“The former home to the Joshua Tree sheriff”
The Keys Desert Queen Ranch is the prime example of early settlement in the Joshua Tree National Park area. Bill Keys was the area's leading character, and his ranch is a symbol of the resourcefulness of early settlers. The ranch is an extensive complex of small frame buildings built between 1910 and Keys' death in 1969. Keys pursued both ranching and mining to make a living in the desert. William F. Keys was born at Palisade, Nebraska in 1879. After working as a ranch hand and smelter worker, he was a deputy sheriff in Mohave County, Arizona. During a time in Death Valley, he befriended Death Valley Scotty, becoming involved in a swindle that resulted in the so-called "Battle of Wingate Pass". He arrived in the Twentynine Palms, California area in 1910. In the area that became Joshua Tree National Park, he became acquainted with local outlaw and cattle rustler Jim McHaney, taking care of him in declining health. Keys eventually took over McHaney's properties after McHaney's death, gradually expanding what became the Desert Queen, its name borrowed from the nearby Desert Queen Mine. Keys married Francis M. Lawton in 1918, and they had seven children together, three of whom died and were buried at the ranch. During a dispute over the Wall Street Mill, Keys shot and killed Worth Bagley. Keys was convicted of murder and went to San Quentin Prison, where Keys educated himself in the library. Keys was paroled in 1950 and was pardoned in 1956 through the efforts of Erle Stanley Gardner, author of the Perry Mason novels. Mining equipment at the ranch includes an arrastra and a stamp mill for ore processing. Other buildings include an adobe barn, a schoolhouse, a tack shed, machine shed, cemetery and a variety of houses and cabins. Panorama of the ranch yard Park rangers provide guided walking tours of the ranch from October through May. Tours are limited in size and should be booked in advance.

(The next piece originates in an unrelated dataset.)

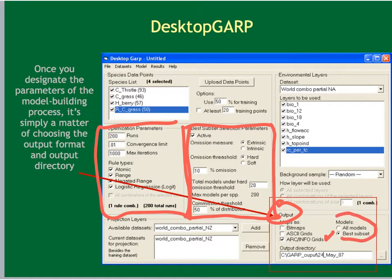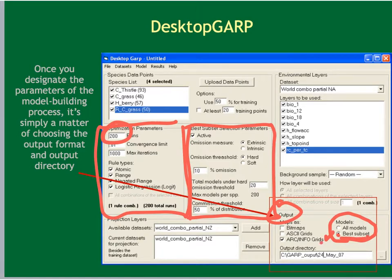Also note that we've selected the button for the best subset, which gives you a separate individual folder containing only those 10 models out of the total number created. Using our earlier example where the experiment requires 70 models to arrive at the best subset: one folder will have all 70 models, and a separate best subset folder will contain just the 10 grid files that make up our best subset for this experiment.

I spent two weeks living with Mr. Keyes in the Palen Mountains in 1957. It was the year of the first Russian satellite. We witnessed a flaming ball passing overhead and you can imagine Mr. Keyes reaction. Fortunately my father had brought us a newspaper the day before , thus, we knew what it was. A correction to the killing story it was a park (monument) ranger that Mr. Keyes shot and the ranger lived on property abutting Keys property. After many years the Rangers wife went to the judge and told him that her husband had been drinking all night and had told her he was going to get Bill Keys. As keys drove down the road the Park (Monument) ranger (it was then known as Joshua Tree National Monument) stepped from behind a rock and pointed a gun at Mr. Keys in his Jeep -Keyes grabbed his rifle from between his seats and shot and killed the Monument Park Ranger. He drove to the Twentynine Palms Sheriff Station and told them what he had done. During my two weeks living with him he told me many stories. I have a letter written to my parents after he had dinner at our home, I think Mrs Keyes , was deceased, which he identified as "Copper Mountain". My father Bernard R. Crawford sold the Queens Ranch to the USA for Mr and Mrs Keys. I am now 77 years old and intend to write a letter about Mr. Keys and will send it to the appropriate Park office. He told me and showed me many stories and places.